Since first impression are key, it was excellent timing that the concert started with the dream duo of Joshua Bell and Steven Isserlis tackling Brahms’ less well-known but downright satisfying Concerto for Violin and Cello, his last work for orchestra, which by default requires both soloists to be in flawless synchronicity. This was of course not too tall of an order from the long-time music partners on the stage, and unsurprisingly the performance went off without a hitch. The expertly crafted, effortlessly virtuosic conversation between the two instruments, whether assertively alone or seamlessly together, was beautifully backed by the orchestra, which knew exactly how to take a back-seat while still remaining unmistakably present.

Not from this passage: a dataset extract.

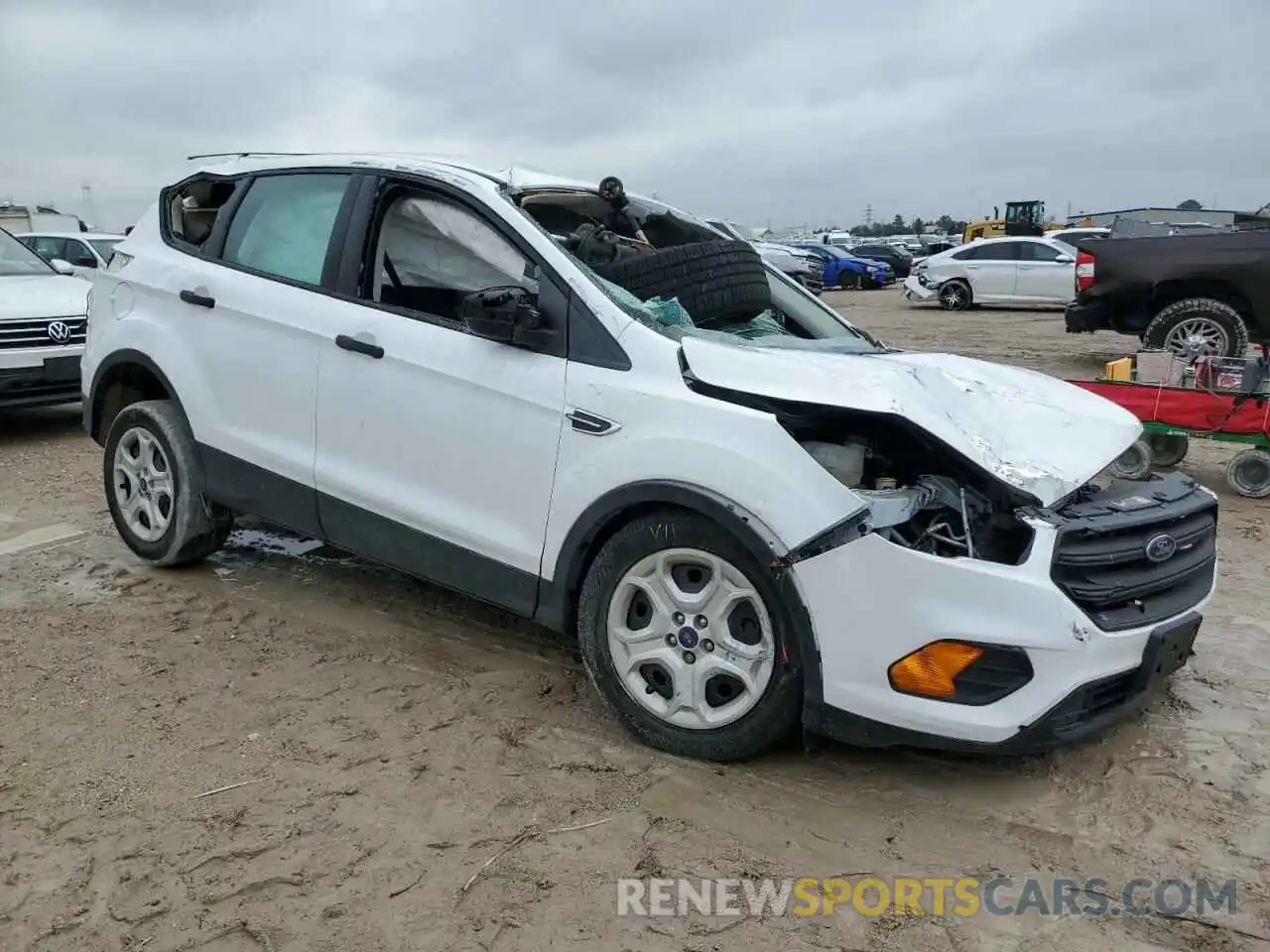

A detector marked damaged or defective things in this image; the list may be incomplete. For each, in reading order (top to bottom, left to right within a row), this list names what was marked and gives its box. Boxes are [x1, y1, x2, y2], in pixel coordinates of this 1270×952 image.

crushed hood [0, 274, 89, 321]
damaged white suv [81, 158, 1222, 766]
crushed hood [679, 339, 1143, 508]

And since the audience made it abundantly clear that we simply could not get enough of the star soloists, they came back for an inspired Langsam from Schumann’s Violin Concerto with a coda by Benjamin Britten. Truth be told, this parting gift was so stunningly beautiful that it almost overshadowed the Brahms.

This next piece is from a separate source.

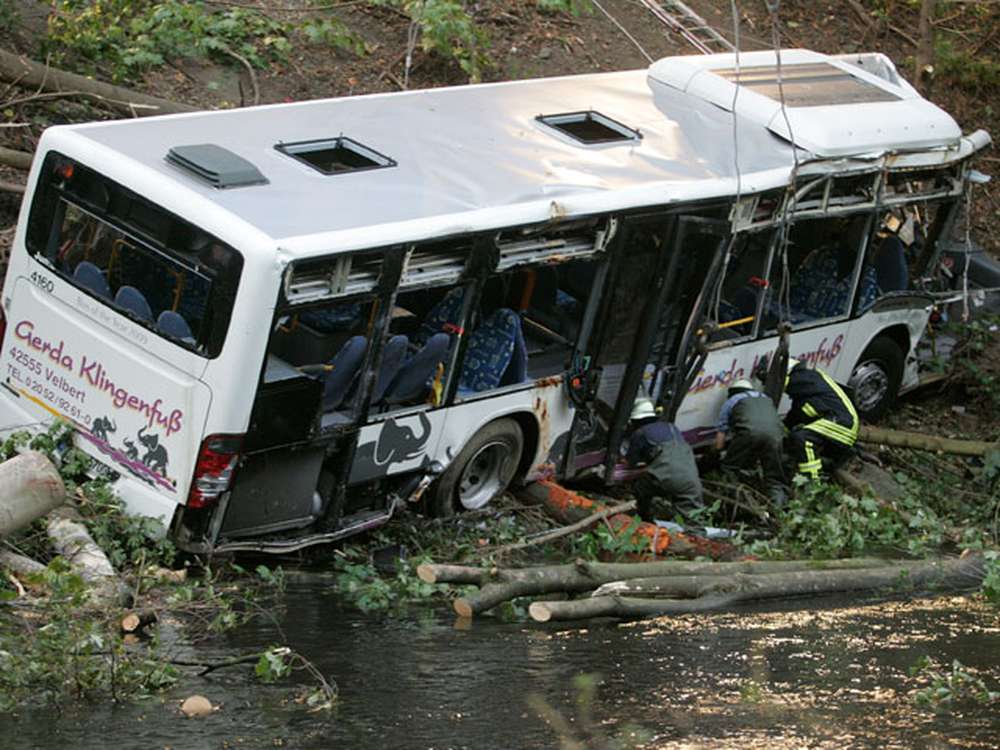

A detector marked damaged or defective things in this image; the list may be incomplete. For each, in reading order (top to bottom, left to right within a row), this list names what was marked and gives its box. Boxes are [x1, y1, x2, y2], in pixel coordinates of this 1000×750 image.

crashed white bus [0, 47, 984, 552]
damaged bus frame [0, 48, 984, 552]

After intermission, Andrew Manze gave the slightly smaller audience a quick and fun introduction to the rest of the program, most notably asking us to remember that Felix Mendelssohn was an outstanding gymnast, among many other talents. Then we moved on to his engaging arrangement of the Contrapunctus XIV, from Art of Fugue by Bach, the master rightfully worshiped by all three composers being heard that evening.
This little foray into Bachian territory was in fact the perfect introduction to Mendelssohn’s rigorously Lutheran yet irrepressibly melodic Symphony No. 5, which was actually his second in chronological order, but never mind, to which we silently and eagerly transitioned. Another not so well-known work by a very well-known composer, the Reformation Symphony was performed in its original form on Wednesday night, Mendelssohn being notorious for not knowing when to stop revising to the point of damaging his own work.

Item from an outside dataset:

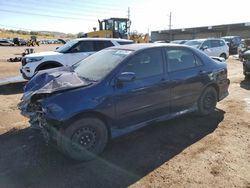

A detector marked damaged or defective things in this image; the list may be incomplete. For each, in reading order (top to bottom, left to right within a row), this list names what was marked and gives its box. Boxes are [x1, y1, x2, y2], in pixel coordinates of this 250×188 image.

bent hood [21, 67, 92, 103]
damaged blue sedan [18, 43, 230, 161] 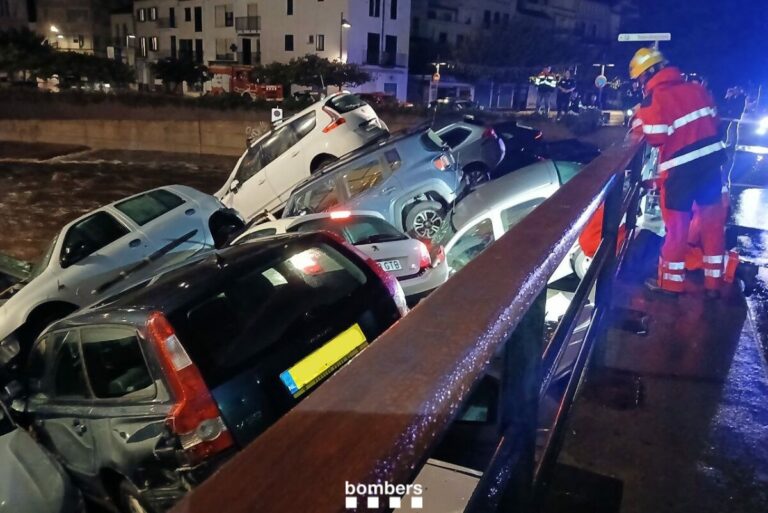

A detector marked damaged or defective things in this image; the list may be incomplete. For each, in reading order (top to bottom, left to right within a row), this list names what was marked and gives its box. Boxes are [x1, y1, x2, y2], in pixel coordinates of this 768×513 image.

pile of crashed car [0, 92, 596, 512]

Originally written for the 300th anniversary of the Augsburg Confession, this new piece was not finished in June 1830 due to the composer’s poor health. Rarely performed when he was alive and eventually published 21 years after he died – Hence the No. 5 attribution – the Reformation Symphony has nevertheless plenty going for it, with a serious first movement (Protestantism will do that to a composition), a carefree second one, a lyrical third one (Mendelssohn shall be Mendelssohn) and a powerful final one. The orchestra took immediate ownership of it and brought it to life in a performance that the Englishman leaving behind us qualified as “stupendous”. We could not have agreed more.